Thursday, April 10, 2008

Wiretapping, whistleblowing and IT ethics

I found a closely related article to the Chapter 4 case study on how the telephone company is violating our privacy. The article brings up several ethical questions. Mark Klein, a retired AT&T employee, announced that "An exact copy of all Internet traffic that flowed through critical AT&T cables...was being diverted to equipment inside the secret room." The NSA had taken wiretapping beyond phone lines and was monitoring everything coming through AT&T's Internet wires. There are secret rooms set up in communication facilities like AT&T across the country. The NSA is not being selective in its monitoring, but observing all communication. The government is analyzing connections rather than content. The problem with this monitoring is that the NSA could incorrectly accuse an innocent person of terrorist activity or gather information for future cases not related to terrorism. The author of the article goes on to ask if you were Klien, the man working for AT&T, would you have blown the whistle knowing that it could cost you your job?

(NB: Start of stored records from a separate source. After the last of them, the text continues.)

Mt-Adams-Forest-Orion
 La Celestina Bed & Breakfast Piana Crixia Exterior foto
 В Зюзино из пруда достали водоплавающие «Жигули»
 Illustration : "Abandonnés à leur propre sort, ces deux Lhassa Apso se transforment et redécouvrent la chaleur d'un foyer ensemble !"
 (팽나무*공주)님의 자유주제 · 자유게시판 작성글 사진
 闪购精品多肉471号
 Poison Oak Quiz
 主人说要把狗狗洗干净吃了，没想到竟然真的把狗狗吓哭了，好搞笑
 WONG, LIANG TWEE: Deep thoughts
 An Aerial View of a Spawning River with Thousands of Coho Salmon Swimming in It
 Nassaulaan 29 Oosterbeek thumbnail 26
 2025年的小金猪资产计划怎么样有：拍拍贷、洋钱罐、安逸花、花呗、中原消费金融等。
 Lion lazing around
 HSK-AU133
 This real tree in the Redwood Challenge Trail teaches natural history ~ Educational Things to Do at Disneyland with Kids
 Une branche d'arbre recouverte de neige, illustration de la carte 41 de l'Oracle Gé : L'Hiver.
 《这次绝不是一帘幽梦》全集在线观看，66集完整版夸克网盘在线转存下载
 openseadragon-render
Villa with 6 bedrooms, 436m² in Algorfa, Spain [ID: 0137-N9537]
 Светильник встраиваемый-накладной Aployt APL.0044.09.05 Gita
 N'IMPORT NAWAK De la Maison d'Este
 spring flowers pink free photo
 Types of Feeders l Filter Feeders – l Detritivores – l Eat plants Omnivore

Since we discussed the ethical issue of wiretapping in the case study, I'm going to discuss what choice I would have made in Klien's situation. I would have most definitely blown the whistle on AT&T's involvement in wiretapping. This is too large of an ethical issue to be overlooked and needed to be reported upon immediately. It's one thing to witness a coworker using the copy machine for personal use, but quite another to know of an ethical wrong at this level. I think that Klien made a good choice and I'm sure a future employer would look upon this act favorably. There are several business owners that would appreciate this honesty and ethical behavior.

Mark Gibbs (2007, November). Wiretapping, whistleblowing and IT ethics. Network World, 24(44), 54. Retrieved April 10, 2008, from ABI/INFORM Global database. (Document ID: 1388463031).